About this task: From the line containing "this 364×320 image." through the last line of the entries below, repeat each line word for word and leave out the rest.

Extracted entries:
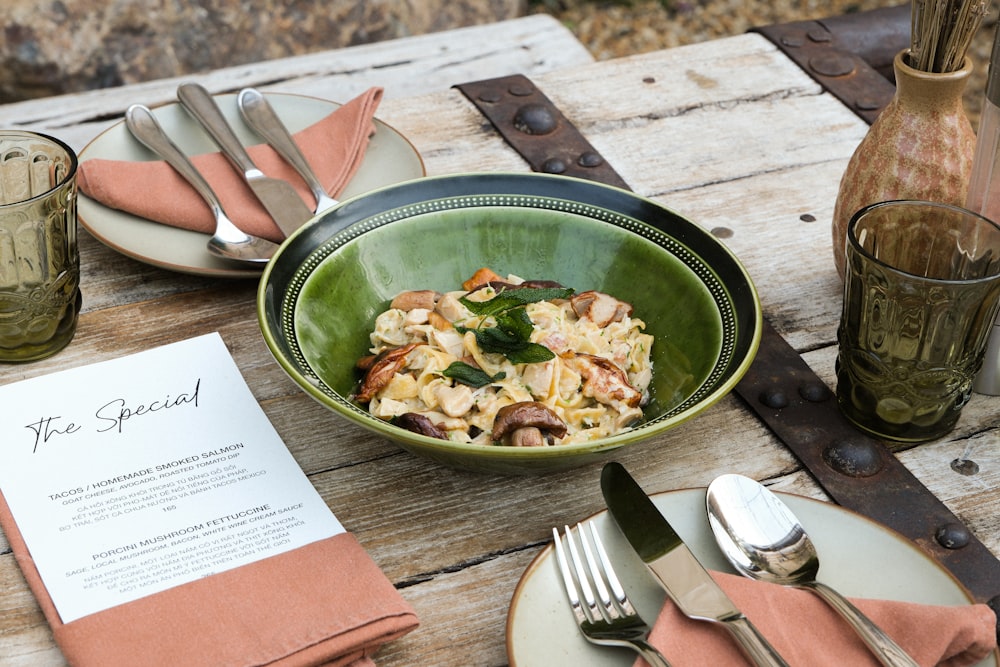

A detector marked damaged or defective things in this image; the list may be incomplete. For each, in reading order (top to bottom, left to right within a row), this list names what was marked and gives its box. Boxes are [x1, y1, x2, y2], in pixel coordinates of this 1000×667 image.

rusty metal strap [752, 3, 908, 123]
rusty metal strap [454, 74, 1000, 620]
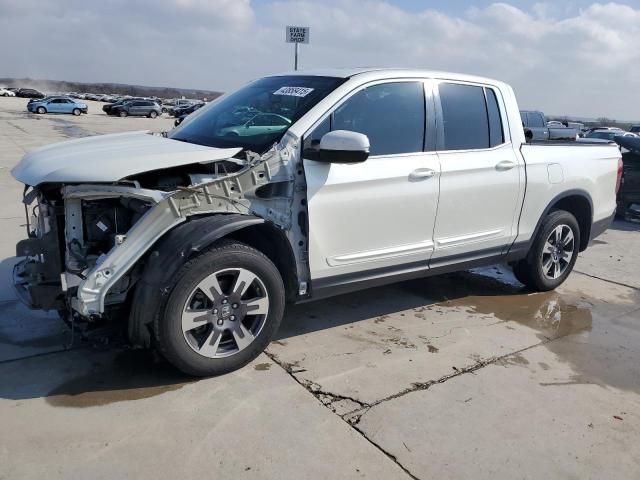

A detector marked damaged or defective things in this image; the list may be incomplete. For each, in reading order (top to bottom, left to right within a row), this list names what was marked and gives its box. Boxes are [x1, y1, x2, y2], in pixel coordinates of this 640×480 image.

damaged front end [12, 131, 308, 326]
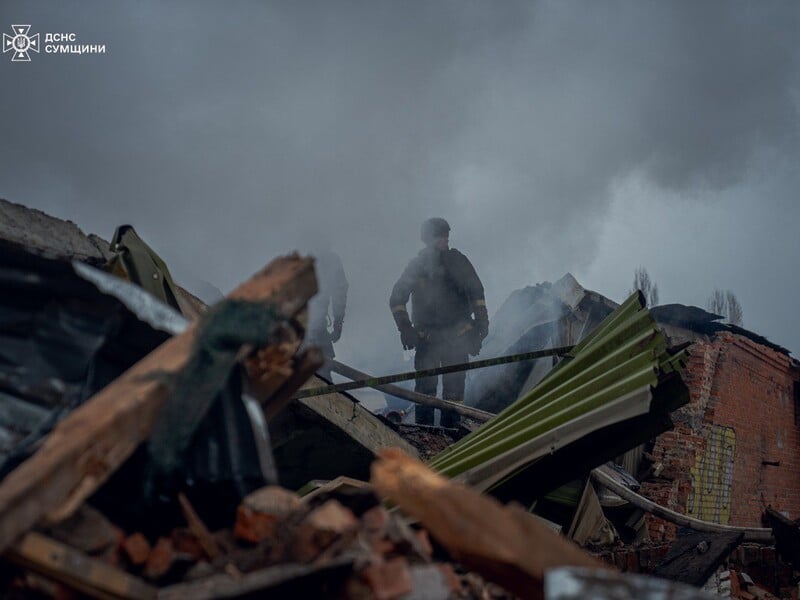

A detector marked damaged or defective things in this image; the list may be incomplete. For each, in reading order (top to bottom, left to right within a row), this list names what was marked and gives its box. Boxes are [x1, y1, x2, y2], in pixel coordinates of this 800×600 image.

broken wall [640, 332, 800, 540]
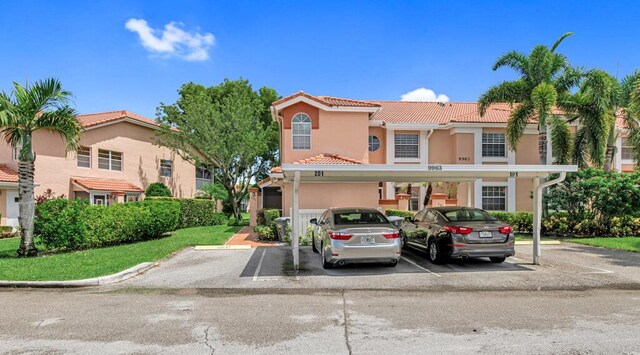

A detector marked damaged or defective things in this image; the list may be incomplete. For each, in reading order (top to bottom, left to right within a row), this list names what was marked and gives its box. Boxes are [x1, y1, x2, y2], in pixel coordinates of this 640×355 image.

parking lot crack [340, 292, 356, 355]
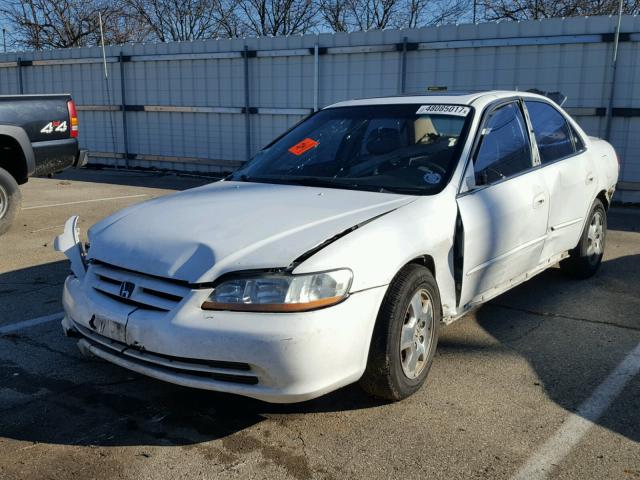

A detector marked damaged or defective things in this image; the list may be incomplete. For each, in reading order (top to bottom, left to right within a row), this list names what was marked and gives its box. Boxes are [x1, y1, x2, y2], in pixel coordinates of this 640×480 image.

dented hood [87, 182, 416, 284]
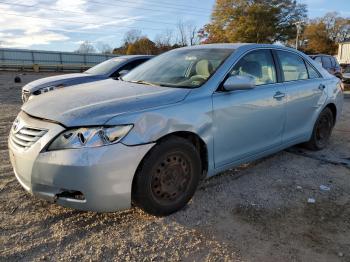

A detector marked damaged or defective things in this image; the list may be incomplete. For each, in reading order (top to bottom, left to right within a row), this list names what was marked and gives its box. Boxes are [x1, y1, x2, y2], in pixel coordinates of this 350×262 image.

broken headlight [47, 125, 132, 150]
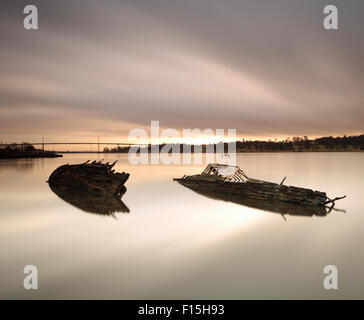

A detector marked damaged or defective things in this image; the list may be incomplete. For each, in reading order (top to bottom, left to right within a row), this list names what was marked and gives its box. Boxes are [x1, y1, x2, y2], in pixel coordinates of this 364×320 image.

rusted shipwreck hull [47, 159, 129, 196]
rusted shipwreck hull [173, 165, 344, 208]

Exercise output:
A detector marked damaged or defective things in this image; the list may be incomplete. For each, in reading order (top to bottom, left to right within a row), this list names what was marked and gives its box. Boxes are [x1, y1, x2, y2], in pixel coordinates of this 364×320 image.

rusted shipwreck hull [47, 159, 129, 196]
rusted shipwreck hull [173, 165, 344, 208]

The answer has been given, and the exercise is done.